Published online by Cambridge University Press: 28 January 2012
Introduction
There was a knock on the door. I haven’t done this to you too often, have I, Ganapathi? Stretching the limits of coincidence unacceptably far? I mean, it’s not always in this narrative that a character has said, ‘It would be really convenient if the sky were to fall on us right now’ – and the sky has fallen on the next page. Fair enough? So do you think you can excuse me now if a sweat-stained despatch-rider bursts into the room and announces that Manimir has been invaded by Karnistani troops?

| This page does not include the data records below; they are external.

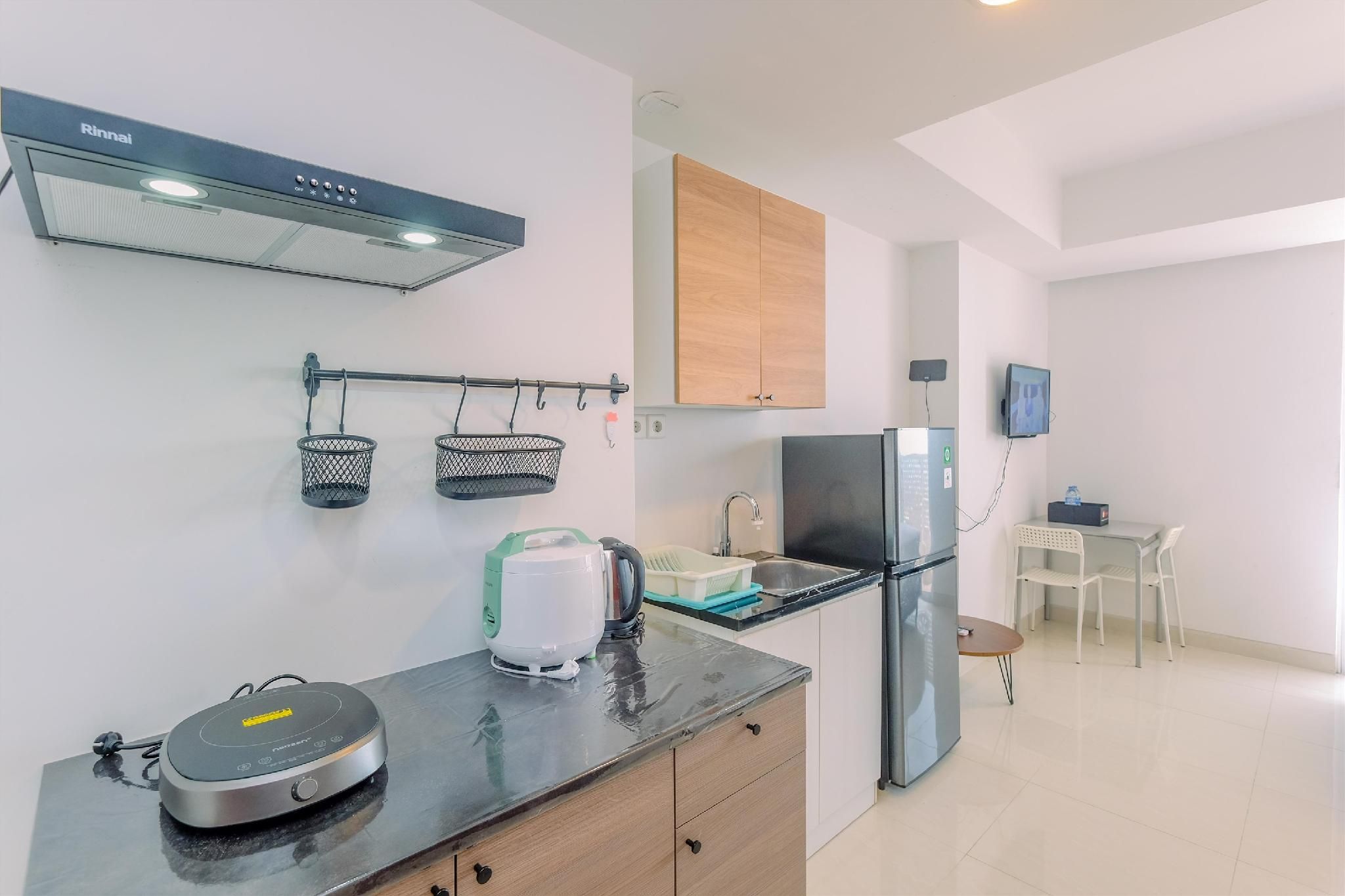 Cozy and Warm Studio at West Vista Apt By Travelio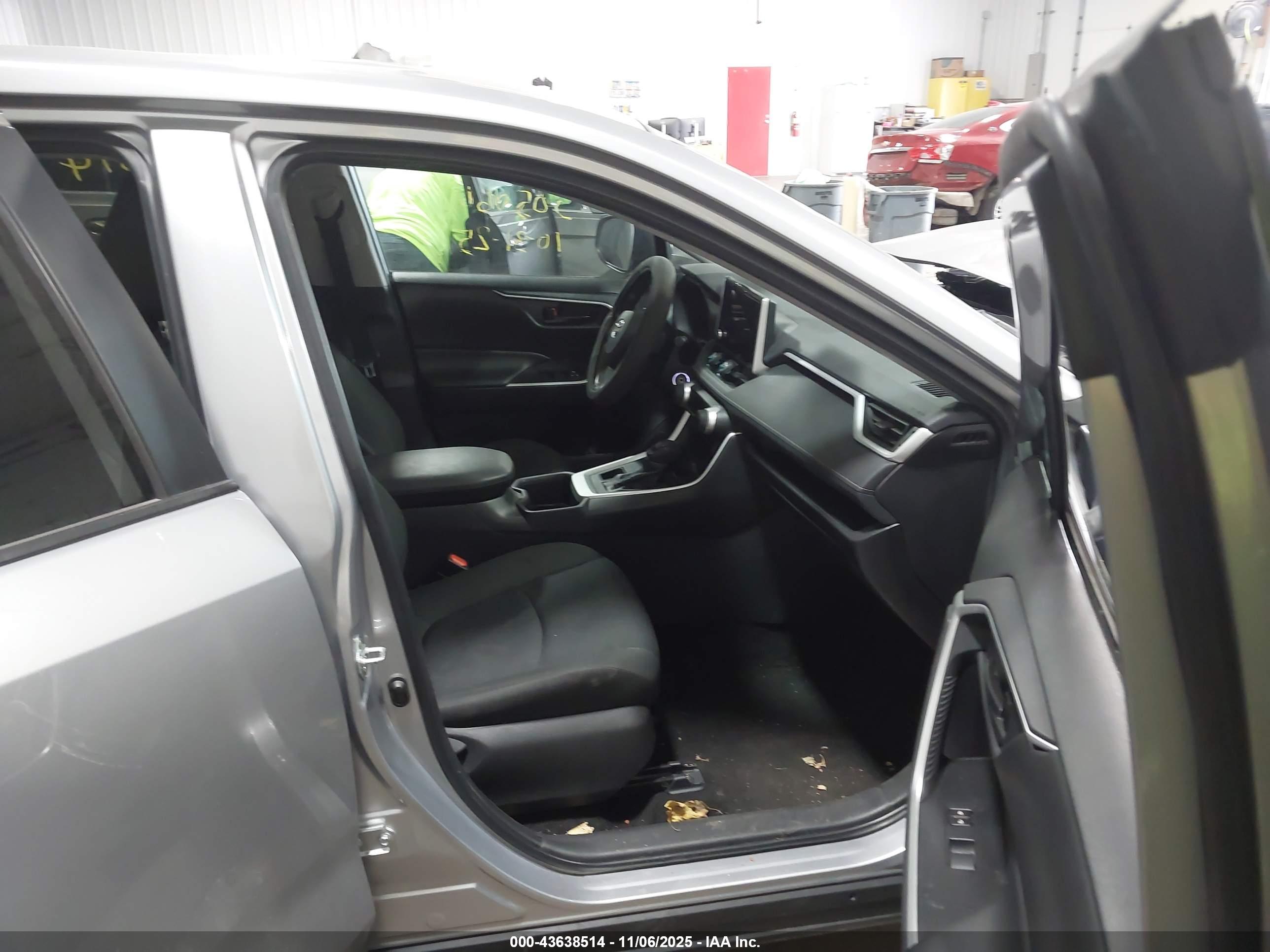 TOYOTA RAV4 image 5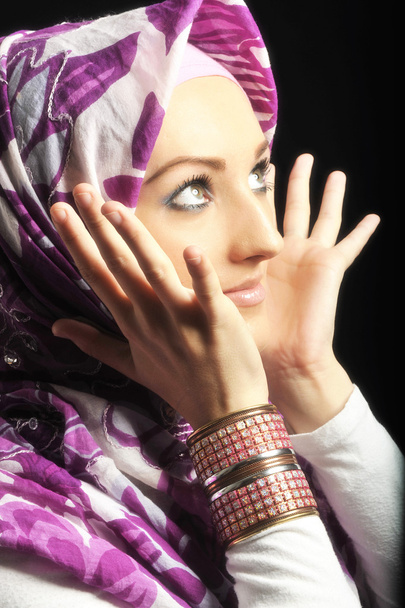 Beautiful Muslim fashion girl - Foto, Imagen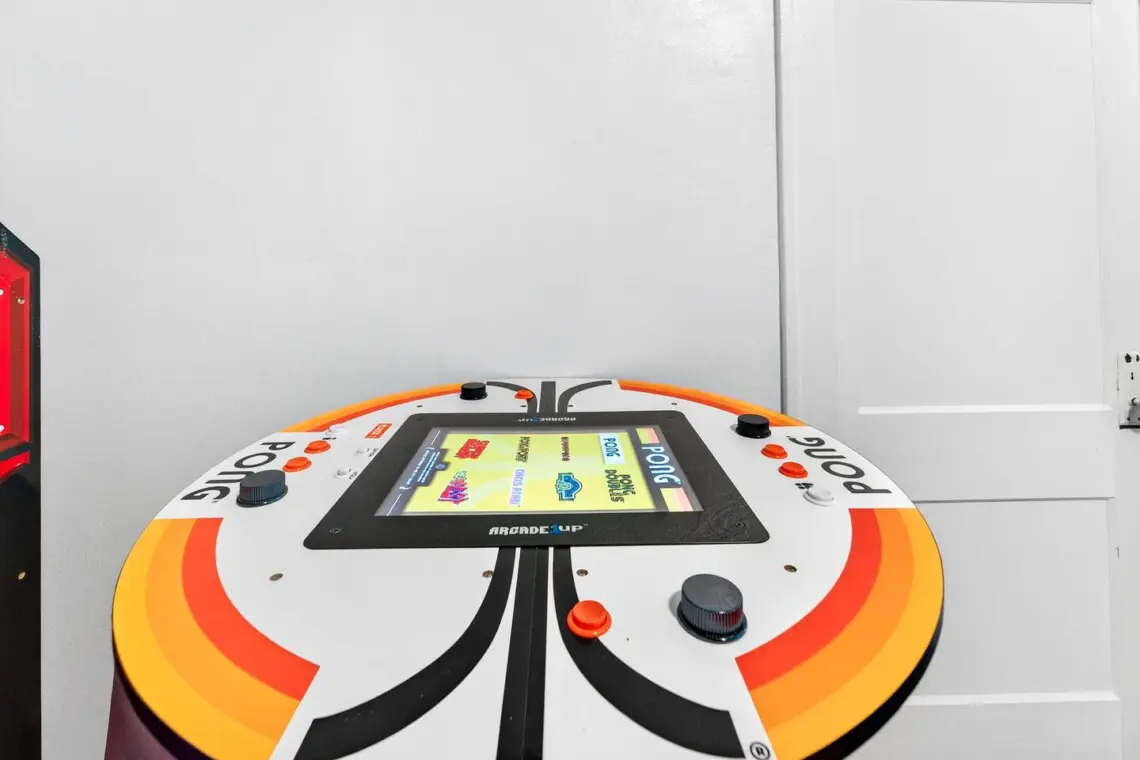 1bdb66b9 dcfc 450b bac1 65a9bcf815e4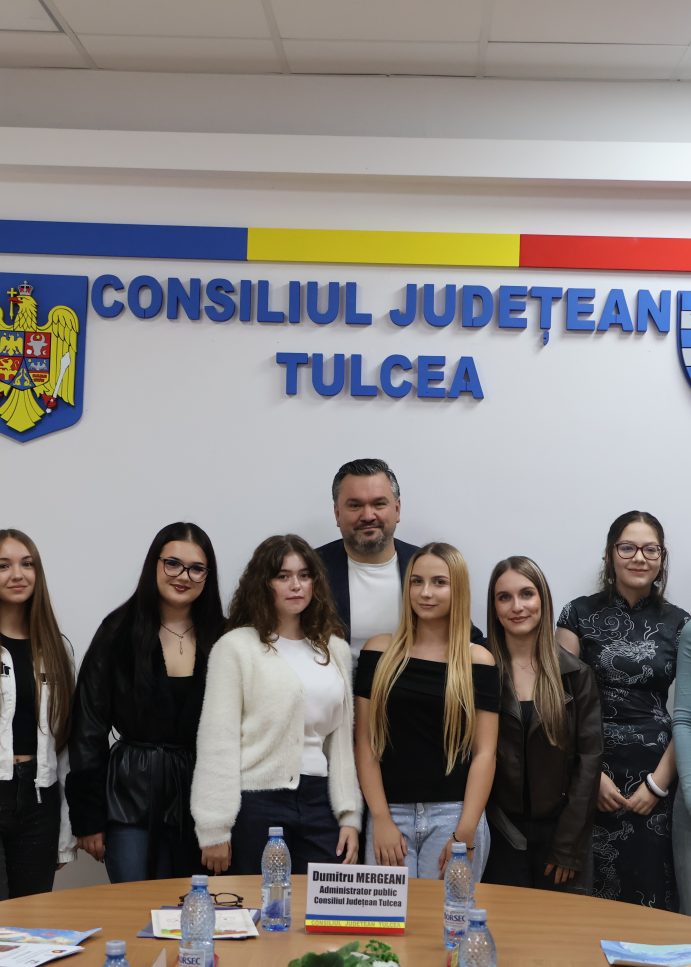 Cele mai bune lucrări înscrise la concursul „Tulcea – Suzhou, Drumul Prieteniei“, premiate de Consiliul Județean Tulcea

Since Salman Rushdie’s Midnight’s Children (1981) South Asian postcolonial literature in English has not merely become a major publishing success, but it has also acquired the hallmark of academic respectability owing to its exuberant intertextual playfulness, self-reflexive toying with the narrator–reader relation, its sheer inventiveness and expansive magic realist fabulation. Two labels helped to place Rushdie and his followers like Shashi Tharoor, Sunetra Gupta or Arundhati Roy among the literary elite: the affinity to the already canonized magic realism of South American provenance (Vargas Llosa, Gabriel García Márquez, Julio Cortázar, Alejo Carpentier, Carlos Fuentes) and the postmodernist narrative techniques employed by Rushdie and others (selfreflexivity, parody, extensive use of analepsis, metalepsis and paralipsis, montage, subversion of ontological distinctions, metafiction). In fact, in hindsight, Rushdie’s (and Tharoor’s) works can now, more specifically, be categorized as historiographical metafictions, a prominent subcategory of postmodernist writing.